D’abord parce que l’édition est magnifique. C’est le même coffret que les crépusculaires (ouvrage qui se déroule d’ailleurs dans le même univers, et que j’avais aussi beaucoup aimé), et il est magnifique : beau papier, chapitres ouverts par des lettrines, reliure splendide… (Je déplore juste des oublis de saut de ligne dans la dernière partie, qui rendent parfois confus les changements de points de vue). Bref, si comme moi vous aimez les beaux livres (et adorez les contempler dans une belle bibliothèque), achetez cet ouvrage (et ne traînez pas trop, il est en édition limitée).
Côté histoire, on suit Maspalio le Farfadet, conjurateur et ancien prince voleur, qui se retrouve forcé de mener ce qui semble au départ une banale enquête, mais qui rapidement révèle des ramifications bien plus complexes. J’ai trouvé que l’intrigue était bien menée : on commence petit, pour embrasser des enjeux plus grands au fur et à mesure que la vérité se révèle. Si parfois on a l’impression que Mathieu Gaborit se perd un peu (notamment avec l’histoire du Double), tous les petits éléments plantés finissent par se rejoindre pour le grand final (notamment le fameux Traité des angles).
On retrouve l’univers des chroniques des crépusculaires, avec ses Danseurs, et ses Accordés qui font une apparition (et ça fait plaisir). Comme pour les Crépusculaires, j’aime beaucoup la poésie et la nostalgie qui se dégagent de ce monde, c’est beau, fragile et sombre à la fois, et pour moi, totalement enchanteur.
Côté écriture, bon ben c’est du Mathieu Gaborit : bien écrit, très fluide, là aussi, très poétique et rechercher sans jamais tomber dans la lourdeur et les effets artificiels.
Le personnage principal est assez attachant, prince voleur à la retraite, farfadet au milieu d’un monde peuplé d’humains, démons, sirènes et autres créatures.

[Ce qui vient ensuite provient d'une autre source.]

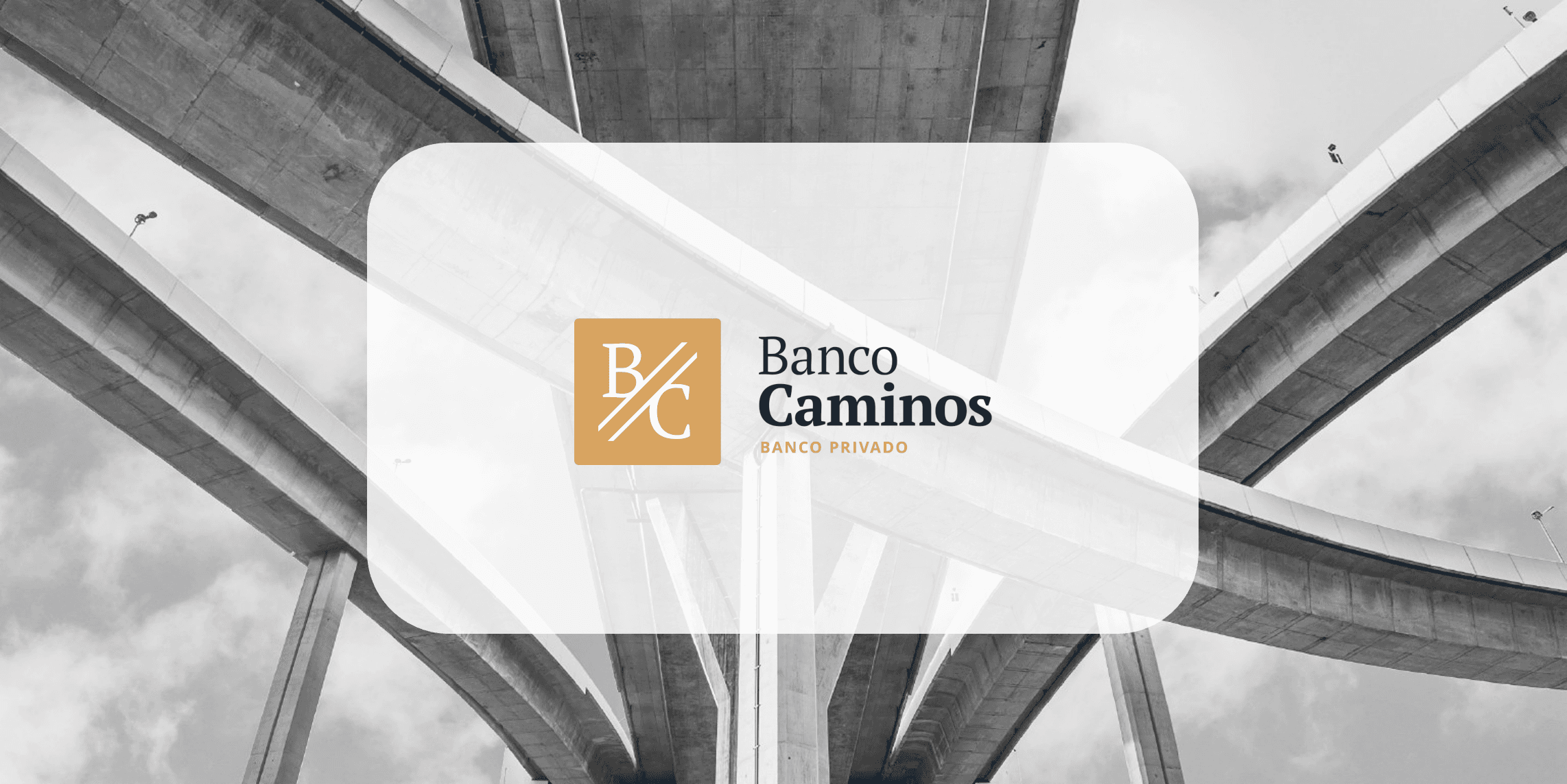 Banco Caminos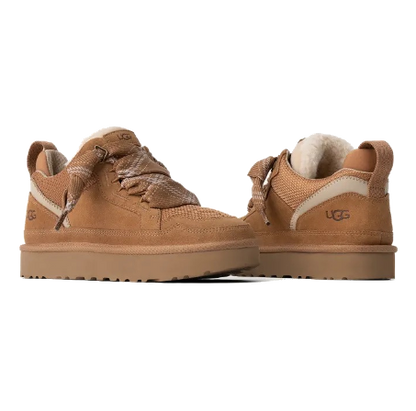 UGG Lowmel Trainer 'Chestnut' (W)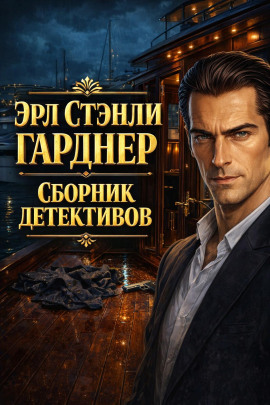 Сборник детективов - Эрл Стэнли Гарднер - Серии Аудиокниг 🔊 Цикл Аудиокниг 🆓 Литрес 100% Бесплатно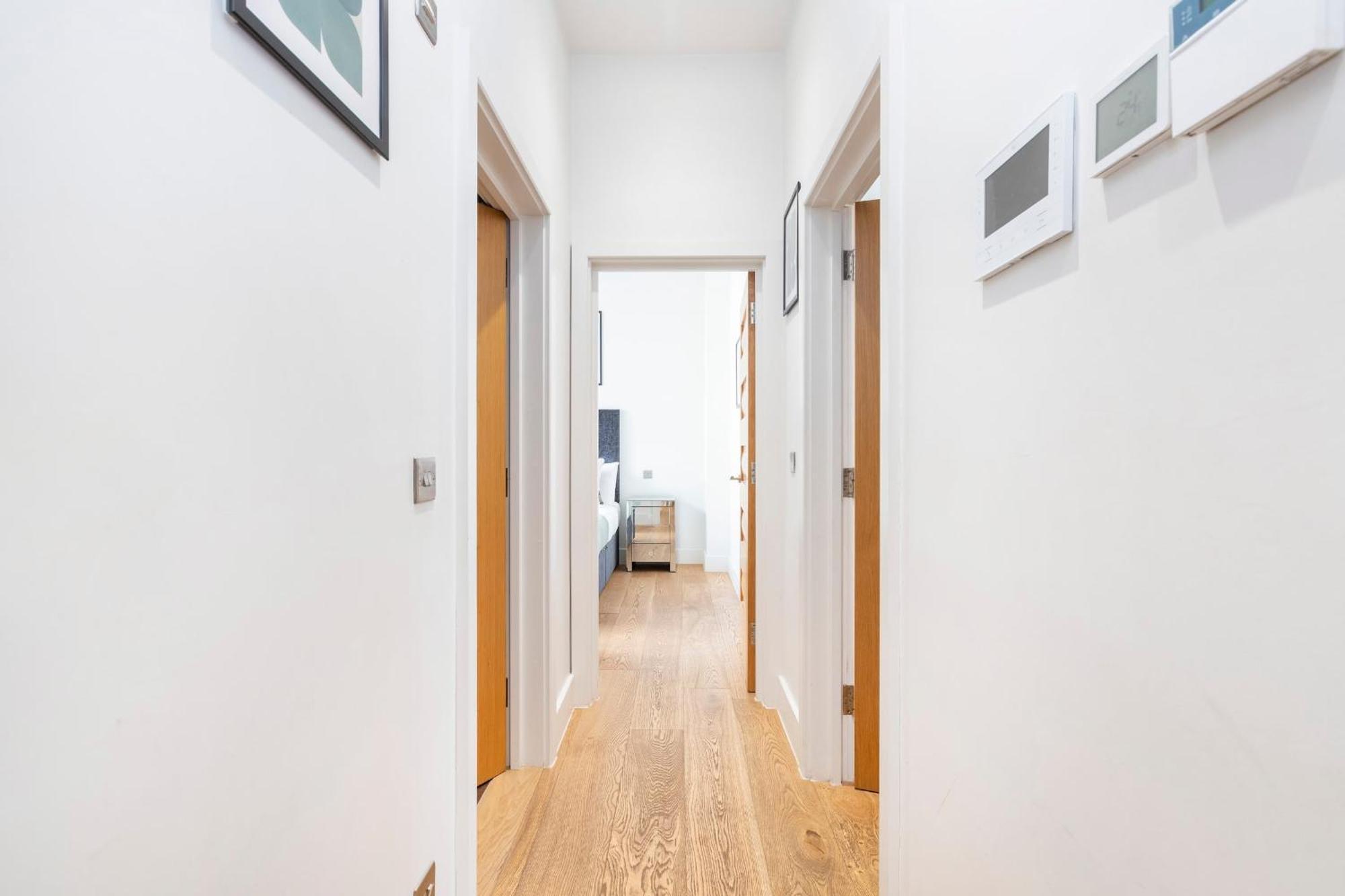 Central London Soho Suite - Cityapartmentstay Londres Exterior foto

Maspalio est un Abymois « de cœur et de pierre », viscéralement attaché à sa cité. À travers ses yeux, on découvre Abyme, et on apprend à aimer cette ville.
À côté de lui gravitent un essaim de personnages plus ou moins développés. J’avoue que j’aurais aimé en savoir plus sur un certain nombre d’entre eux, notamment sur l’Opalin, que j’ai trouvé très intrigant.
Mais au final, le personnage le plus fascinant, c’est la ville en elle-même : Abyme, ville crépusculaire et secrète, avec ces lacis de rues, ses palais, sa foule cosmopolite. Abyme semble réellement vivante, une entité que révèrent ses habitants et à qui ils se remettent. C’est une ville que j’ai eu envie de visiter, et donc, ce roman achevé, je vais me plonger dans le Guide d’Abyme de ce pas.
En conclusion : un univers sombre et poétique, une écriture ciselée pour une histoire envoûtante.